• [Provided data]
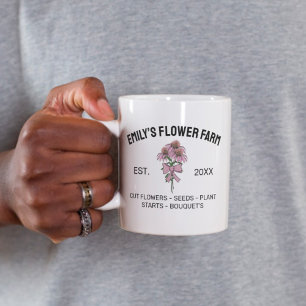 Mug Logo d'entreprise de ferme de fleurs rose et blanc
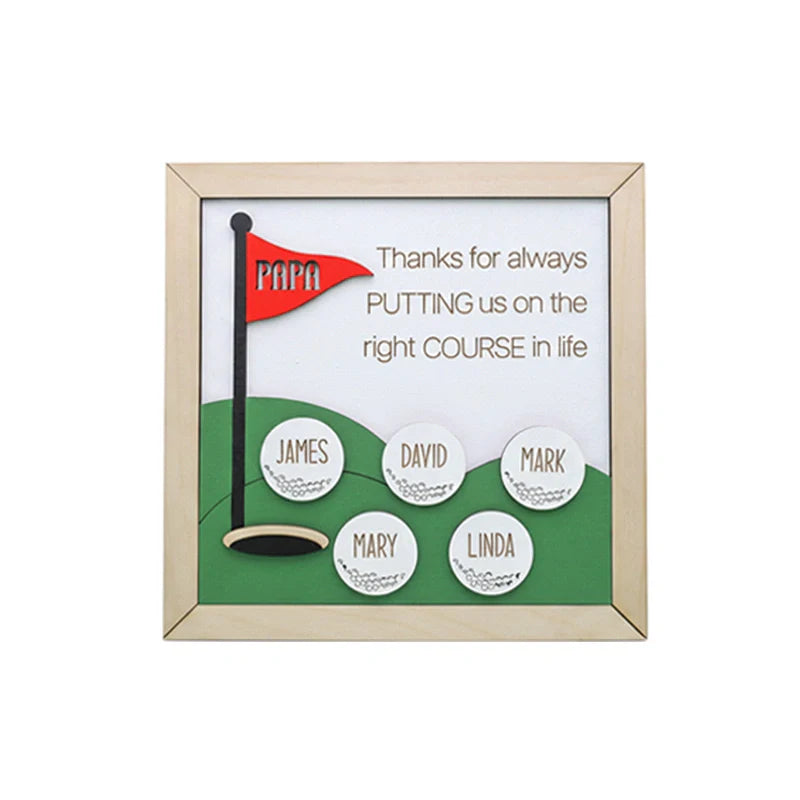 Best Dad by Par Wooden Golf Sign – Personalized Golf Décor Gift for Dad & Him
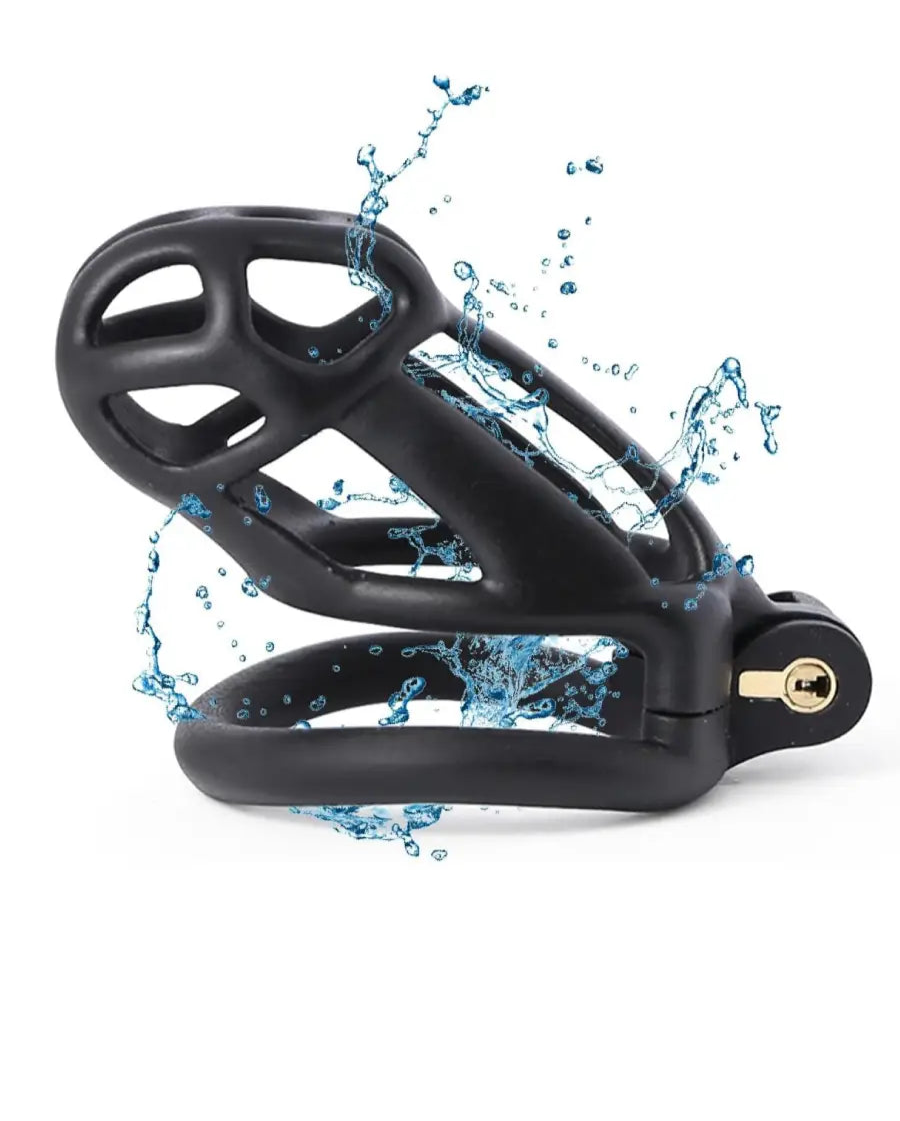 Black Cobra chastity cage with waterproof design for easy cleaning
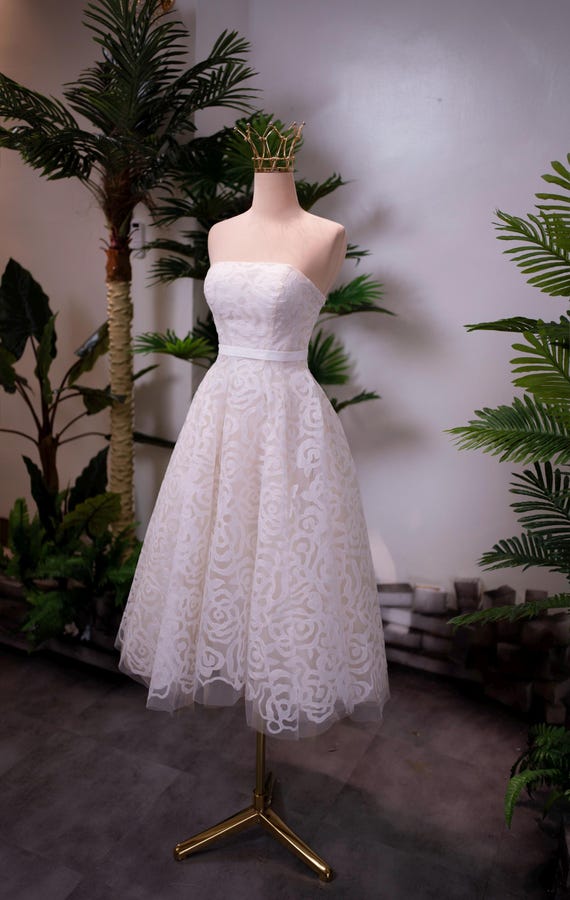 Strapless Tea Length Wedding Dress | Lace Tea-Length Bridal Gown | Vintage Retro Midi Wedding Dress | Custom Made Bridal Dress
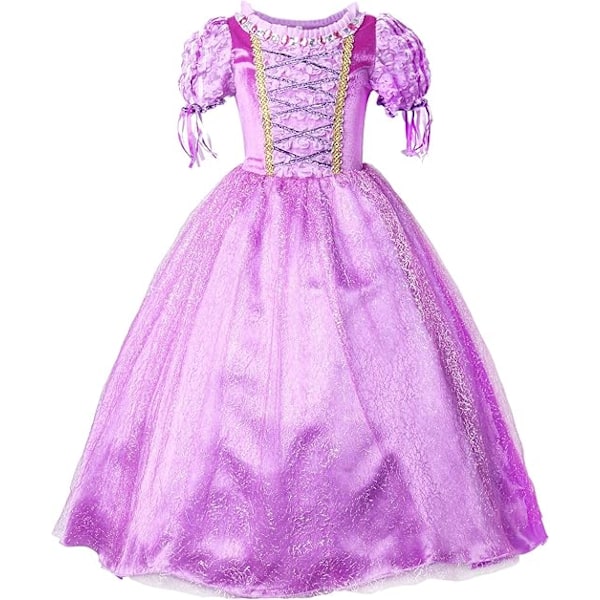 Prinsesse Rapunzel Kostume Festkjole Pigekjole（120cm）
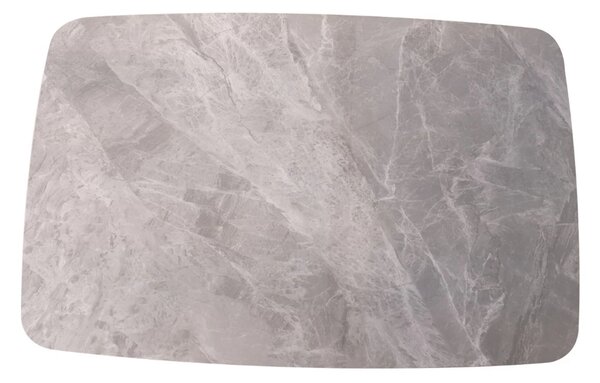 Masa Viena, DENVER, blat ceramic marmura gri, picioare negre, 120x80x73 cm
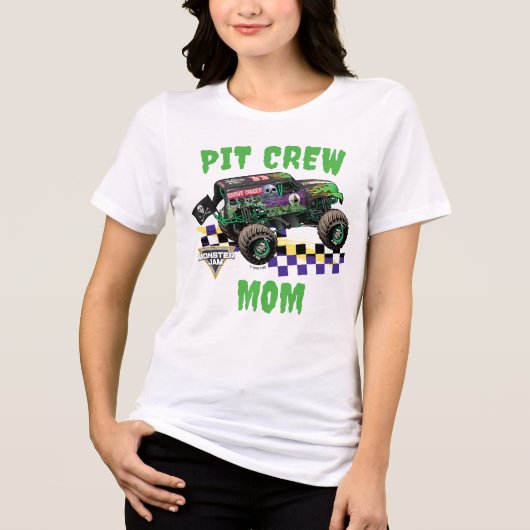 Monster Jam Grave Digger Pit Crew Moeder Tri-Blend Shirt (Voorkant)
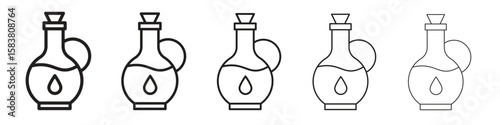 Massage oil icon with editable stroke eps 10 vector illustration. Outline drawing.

• [What is being asked] Although pictures appear among the entries, please set down only the lines from the one with "Best Dad by" up to and including the one with "Strapless Tea Length", word for word.

• [Solution to the problem]
 Best Dad by Par Wooden Golf Sign – Personalized Golf Décor Gift for Dad & Him
 Black Cobra chastity cage with waterproof design for easy cleaning
 Strapless Tea Length Wedding Dress | Lace Tea-Length Bridal Gown | Vintage Retro Midi Wedding Dress | Custom Made Bridal Dress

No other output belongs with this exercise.